Salvini gilt seit Beginn als starker Mann der Allianz. Umfragen sehen seine Partei auf einem Rekordhoch um die 37 Prozent. Von einer Neuwahl würde er am meisten profitieren. Und die wird immer wahrscheinlicher – auch wenn nicht ausgemacht ist, dass es dazu kommt.
Staatspräsident Sergio Mattarella dürfte bei einem Rücktritt der Regierung erst mit den Parteien sondieren, ob eine andere Mehrheit im Parlament zustande kommt. Und die Sterne stellen trotz des Tiefs in den Umfragewerten immer noch die meisten Abgeordneten im Parlament.
Auf das Zerwürfnis der beiden Parteien waren am Donnerstag hochrangige Treffen in Rom gefolgt. Medienberichten zufolge kam Sterne-Anführer Luigi Di Maio zum Amtssitz des Ministerpräsidenten. Dieser wiederum wurde anschließend von Staatspräsident Mattarella empfangen, wie die Nachrichtenagentur Ansa berichtete. Bei dem einstündigen Treffen soll es demnach aber weder um einen möglichen Rücktritt des Premiers noch um die Eröffnung einer Regierungskrise gegangen sein.

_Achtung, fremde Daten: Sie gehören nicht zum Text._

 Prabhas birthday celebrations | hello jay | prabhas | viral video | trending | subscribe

Medien hatten zuvor geschrieben, dass Salvini von Conte in einer Art Ultimatum eine Umbildung des Kabinetts gefordert haben soll und möglicherweise auch eine Änderung des Koalitionsvertrags. Es wehe ein „Wind der Krise“, schrieb die Tageszeitung Corriere della Sera. „Mein Eindruck ist, dass Salvini unverschämte Forderungen erhebt, die die Fünf-Sterne-Bewegung schlicht nicht akzeptieren kann, sodass die Fünf-Sterne-Bewegung – nicht die Lega – den Stecker zieht“, sagte Francesco Galietti von der Denkfabrik Policy Solar.
Salvini wollte am Donnerstagabend seine geplante Sommertour in Pescara an der Adria-Küste fortsetzen. „In der Hoffnung, dass in der Zwischenzeit keine komischen Sachen passieren“, hatte er zuvor noch gesagt.